» EXERCISE AIM
Write out the whole listing below so that every line matches exactly.

» SOURCE DATA
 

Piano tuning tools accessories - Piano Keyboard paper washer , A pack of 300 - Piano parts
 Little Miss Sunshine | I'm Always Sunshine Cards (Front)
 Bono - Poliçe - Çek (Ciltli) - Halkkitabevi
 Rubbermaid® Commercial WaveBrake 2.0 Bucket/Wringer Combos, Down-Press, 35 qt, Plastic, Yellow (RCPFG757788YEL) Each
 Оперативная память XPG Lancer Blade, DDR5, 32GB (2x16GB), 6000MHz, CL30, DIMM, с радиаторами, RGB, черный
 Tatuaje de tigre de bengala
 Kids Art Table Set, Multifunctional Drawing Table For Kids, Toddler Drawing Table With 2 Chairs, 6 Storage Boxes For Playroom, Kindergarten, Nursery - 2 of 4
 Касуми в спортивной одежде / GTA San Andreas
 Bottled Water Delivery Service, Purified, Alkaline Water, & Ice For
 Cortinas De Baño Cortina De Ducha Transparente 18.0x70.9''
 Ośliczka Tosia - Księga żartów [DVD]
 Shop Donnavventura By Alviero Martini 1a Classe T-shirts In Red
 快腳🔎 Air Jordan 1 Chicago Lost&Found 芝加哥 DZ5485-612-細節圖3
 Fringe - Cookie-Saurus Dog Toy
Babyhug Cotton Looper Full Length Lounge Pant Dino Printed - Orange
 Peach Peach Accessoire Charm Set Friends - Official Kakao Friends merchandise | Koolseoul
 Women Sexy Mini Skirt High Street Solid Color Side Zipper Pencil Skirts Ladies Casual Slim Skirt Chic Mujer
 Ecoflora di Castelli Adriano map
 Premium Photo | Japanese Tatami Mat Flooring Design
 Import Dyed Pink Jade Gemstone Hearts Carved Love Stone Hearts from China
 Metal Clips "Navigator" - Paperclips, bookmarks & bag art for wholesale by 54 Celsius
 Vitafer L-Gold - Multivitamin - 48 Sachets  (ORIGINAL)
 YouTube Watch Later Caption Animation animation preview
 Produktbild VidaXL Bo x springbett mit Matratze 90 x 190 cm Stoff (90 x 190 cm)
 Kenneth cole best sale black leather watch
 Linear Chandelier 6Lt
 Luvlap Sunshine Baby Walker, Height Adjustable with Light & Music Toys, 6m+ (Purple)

» TASK RESPONSE
Piano tuning tools accessories - Piano Keyboard paper washer , A pack of 300 - Piano parts
 Little Miss Sunshine | I'm Always Sunshine Cards (Front)
 Bono - Poliçe - Çek (Ciltli) - Halkkitabevi
 Rubbermaid® Commercial WaveBrake 2.0 Bucket/Wringer Combos, Down-Press, 35 qt, Plastic, Yellow (RCPFG757788YEL) Each
 Оперативная память XPG Lancer Blade, DDR5, 32GB (2x16GB), 6000MHz, CL30, DIMM, с радиаторами, RGB, черный
 Tatuaje de tigre de bengala
 Kids Art Table Set, Multifunctional Drawing Table For Kids, Toddler Drawing Table With 2 Chairs, 6 Storage Boxes For Playroom, Kindergarten, Nursery - 2 of 4
 Касуми в спортивной одежде / GTA San Andreas
 Bottled Water Delivery Service, Purified, Alkaline Water, & Ice For
 Cortinas De Baño Cortina De Ducha Transparente 18.0x70.9''
 Ośliczka Tosia - Księga żartów [DVD]
 Shop Donnavventura By Alviero Martini 1a Classe T-shirts In Red
 快腳🔎 Air Jordan 1 Chicago Lost&Found 芝加哥 DZ5485-612-細節圖3
 Fringe - Cookie-Saurus Dog Toy
Babyhug Cotton Looper Full Length Lounge Pant Dino Printed - Orange
 Peach Peach Accessoire Charm Set Friends - Official Kakao Friends merchandise | Koolseoul
 Women Sexy Mini Skirt High Street Solid Color Side Zipper Pencil Skirts Ladies Casual Slim Skirt Chic Mujer
 Ecoflora di Castelli Adriano map
 Premium Photo | Japanese Tatami Mat Flooring Design
 Import Dyed Pink Jade Gemstone Hearts Carved Love Stone Hearts from China
 Metal Clips "Navigator" - Paperclips, bookmarks & bag art for wholesale by 54 Celsius
 Vitafer L-Gold - Multivitamin - 48 Sachets  (ORIGINAL)
 YouTube Watch Later Caption Animation animation preview
 Produktbild VidaXL Bo x springbett mit Matratze 90 x 190 cm Stoff (90 x 190 cm)
 Kenneth cole best sale black leather watch
 Linear Chandelier 6Lt
 Luvlap Sunshine Baby Walker, Height Adjustable with Light & Music Toys, 6m+ (Purple)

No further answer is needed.